Operative Auswirkungen: Verhaftungen und Datenkontrolle

Carrolls Polizeibehörde nahm nach der Untersuchung von DUI-Vorfällen im Februar sieben Personen im Zusammenhang mit der ICE-Haft fest. Dies zeigt, wie örtliche Beamte die Durchsetzung der Einwanderungsbestimmungen des Bundes aktiv unterstützen.

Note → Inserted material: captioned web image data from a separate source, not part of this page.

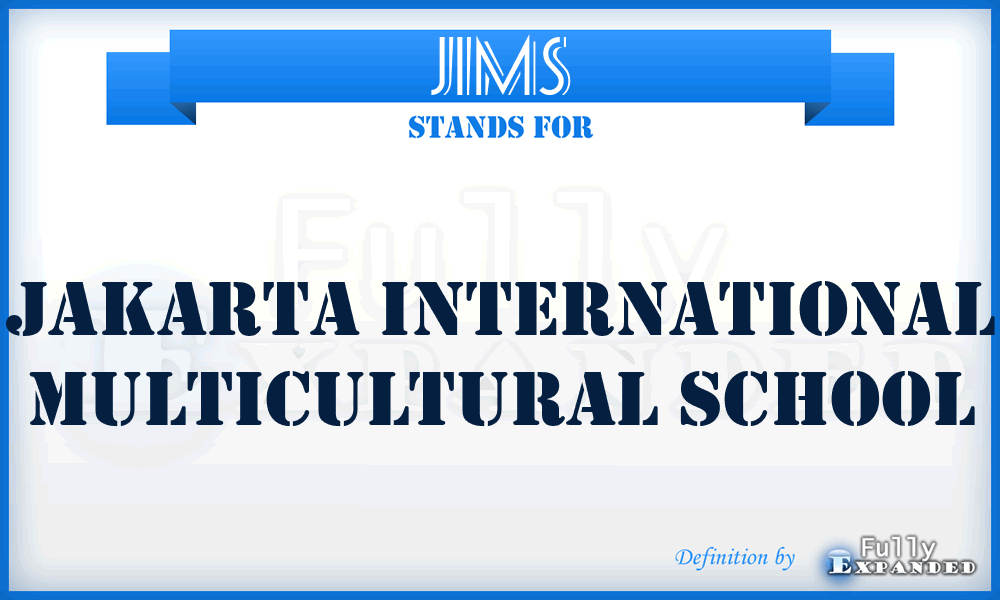 JIMS - Jakarta International Multicultural School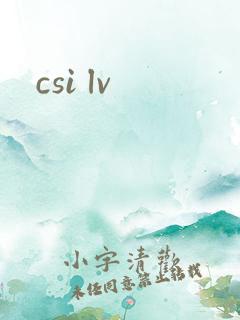 csi lv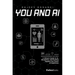 You and AI: A Citizen's Guide to Ai, Blockchain, and Puzzling Together the Future of Healthcare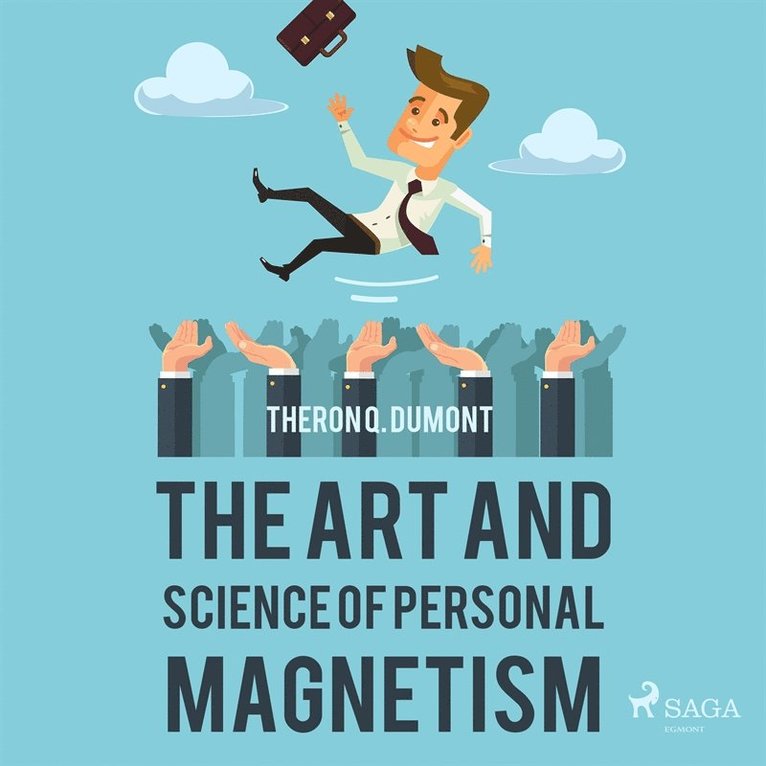 Theron Q. Dumont - The Art and Science of Personal Magnetism, Ljudbok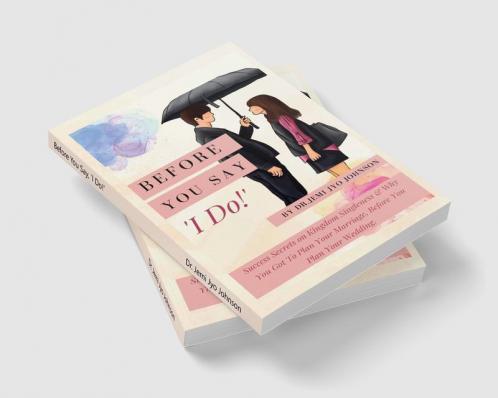 Before You Say 'I Do!' : Success Secrets on Kingdom Singleness &amp; Why You Got To Plan Your Marriage Before You Plan Your Wedding...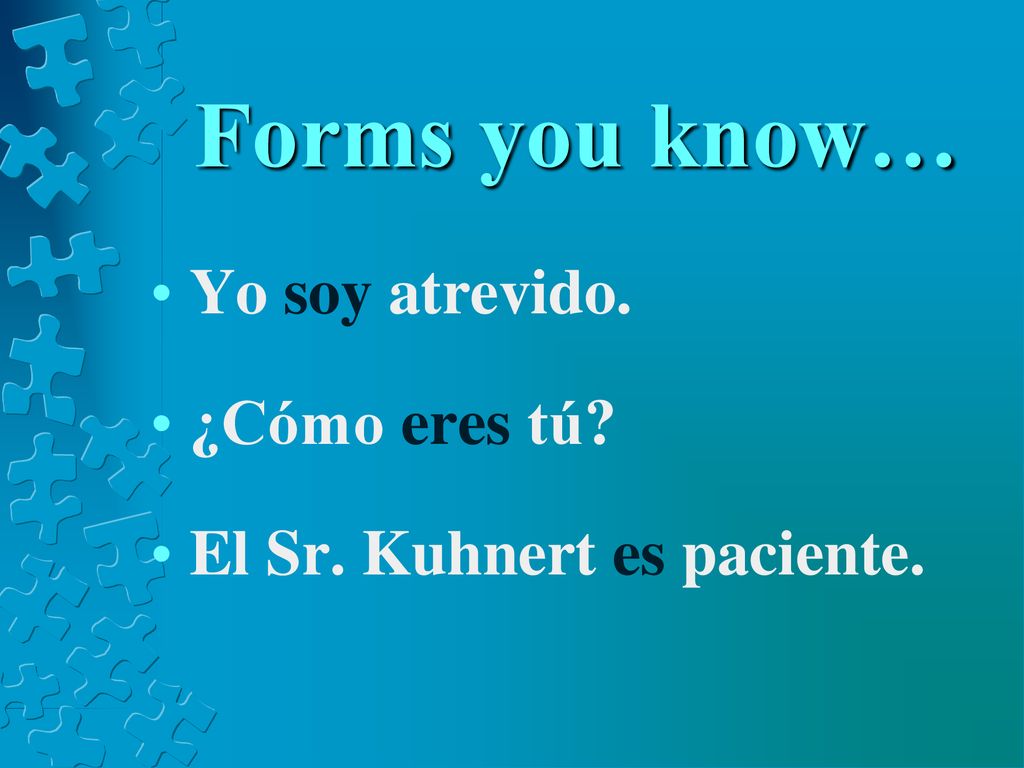 Forms you know… Yo soy atrevido. ¿Cómo eres tú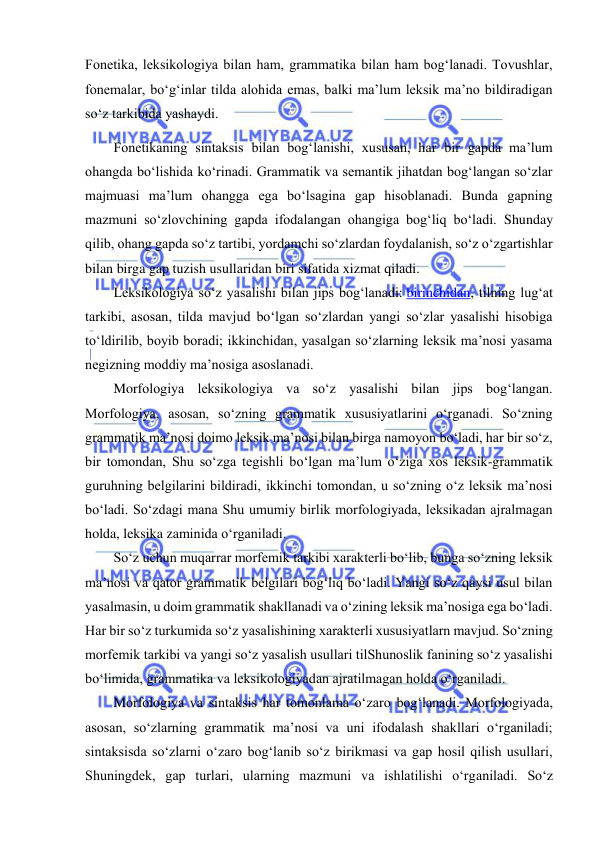  
 
Fonetika, leksikologiya bilan ham, grammatika bilan ham bog‘lanadi. Tovushlar, 
fonemalar, bo‘g‘inlar tilda alohida emas, balki ma’lum leksik ma’no bildiradigan 
so‘z tarkibida yashaydi. 
Fonetikaning sintaksis bilan bog‘lanishi, xususan, har bir gapda ma’lum 
ohangda bo‘lishida ko‘rinadi. Grammatik va semantik jihatdan bog‘langan so‘zlar 
majmuasi ma’lum ohangga ega bo‘lsagina gap hisoblanadi. Bunda gapning 
mazmuni so‘zlovchining gapda ifodalangan ohangiga bog‘liq bo‘ladi. Shunday 
qilib, ohang gapda so‘z tartibi, yordamchi so‘zlardan foydalanish, so‘z o‘zgartishlar 
bilan birga gap tuzish usullaridan biri sifatida xizmat qiladi. 
Leksikologiya so‘z yasalishi bilan jips bog‘lanadi: birinchidan, tilning lug‘at 
tarkibi, asosan, tilda mavjud bo‘lgan so‘zlardan yangi so‘zlar yasalishi hisobiga 
to‘ldirilib, boyib boradi; ikkinchidan, yasalgan so‘zlarning leksik ma’nosi yasama 
negizning moddiy ma’nosiga asoslanadi. 
Morfologiya leksikologiya va so‘z yasalishi bilan jips bog‘langan. 
Morfologiya, asosan, so‘zning grammatik xususiyatlarini o‘rganadi. So‘zning 
grammatik ma’nosi doimo leksik ma’nosi bilan birga namoyon bo‘ladi, har bir so‘z, 
bir tomondan, Shu so‘zga tegishli bo‘lgan ma’lum o‘ziga xos leksik-grammatik 
guruhning belgilarini bildiradi, ikkinchi tomondan, u so‘zning o‘z leksik ma’nosi 
bo‘ladi. So‘zdagi mana Shu umumiy birlik morfologiyada, leksikadan ajralmagan 
holda, leksika zaminida o‘rganiladi. 
So‘z uchun muqarrar morfemik tarkibi xarakterli bo‘lib, bunga so‘zning leksik 
ma’nosi va qator grammatik belgilari bog‘liq bo‘ladi. Yangi so‘z qaysi usul bilan 
yasalmasin, u doim grammatik shakllanadi va o‘zining leksik ma’nosiga ega bo‘ladi. 
Har bir so‘z turkumida so‘z yasalishining xarakterli xususiyatlarn mavjud. So‘zning 
morfemik tarkibi va yangi so‘z yasalish usullari tilShunoslik fanining so‘z yasalishi 
bo‘limida, grammatika va leksikologiyadan ajratilmagan holda o‘rganiladi. 
Morfologiya va sintaksis har tomonlama o‘zaro bog‘lanadi. Morfologiyada, 
asosan, so‘zlarning grammatik ma’nosi va uni ifodalash shakllari o‘rganiladi; 
sintaksisda so‘zlarni o‘zaro bog‘lanib so‘z birikmasi va gap hosil qilish usullari, 
Shuningdek, gap turlari, ularning mazmuni va ishlatilishi o‘rganiladi. So‘z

Allerdings kontrolliert ICE auch den Informationsfluss streng. Die Agentur hat Materialien mit dem Titel „Wie kann ich meinen Chef oder Sheriff davon überzeugen, an 287(g) teilzunehmen?“ veröffentlicht. Dies deutet darauf hin, dass es auf Beamte auf niedrigerer Ebene abzielt, um potenziellen Widerstand von höheren Behörden zu umgehen.

Geheime Vereinbarungen: Haftung und Transparenz

ICE arbeitet im Rahmen von zwei Vertragstypen: öffentlich und privat. Während die öffentliche Version besagt, dass das Justizministerium sie verteidigen „dürfe“, wenn Carroll-Beamte verklagt werden, geht die private Vereinbarung noch weiter. Es verspricht, dass ICE „das DOJ auffordern wird, für die Verteidigung verantwortlich zu sein“, wenn ein Einwanderer Carroll wegen Durchsetzungsmaßnahmen verklagt.

Dies verlagert die rechtliche Haftung weg von den Kommunalverwaltungen und hin zur Bundesebene.

Die private Vereinbarung schränkt zudem die Transparenz ein. Carroll muss sich mit dem Büro für öffentliche Angelegenheiten der ICE abstimmen, bevor er Informationen an die Medien weitergibt, und alle Anfragen nach Staatsakten werden über das FOIA-Büro der ICE weitergeleitet, das oft mit viel längeren Fristen arbeitet.

Verzögerungen beim öffentlichen Zugang: Eine kalkulierte Strategie

Aufzeichnungen, die im Rahmen des Right-to-Know-Gesetzes von New Hampshire eingeholt wurden, zeigen, dass selbst grundlegende Anfragen mittlerweile eine Koordinierung mit dem DHS auslösen. Als WIRED bei acht Kommunen Anträge einreichte, antwortete ein Polizeileutnant, dass die Abteilung mit dem DHS zusammenarbeiten müsse, bevor sie Aufzeichnungen veröffentlichen könne. Dies ist ein klarer Versuch, die öffentliche Kontrolle zu verlangsamen und zu kontrollieren.

Der Trend ist besorgniserregend, da er eine wachsende finanzielle Verflechtung zwischen den örtlichen Polizeibehörden und der Einwanderungsbehörde des Bundes zeigt. Dies wirft Fragen zur Rechenschaftspflicht, Transparenz und der möglichen Erosion der lokalen Autonomie zugunsten einer föderalen Kontrolle auf.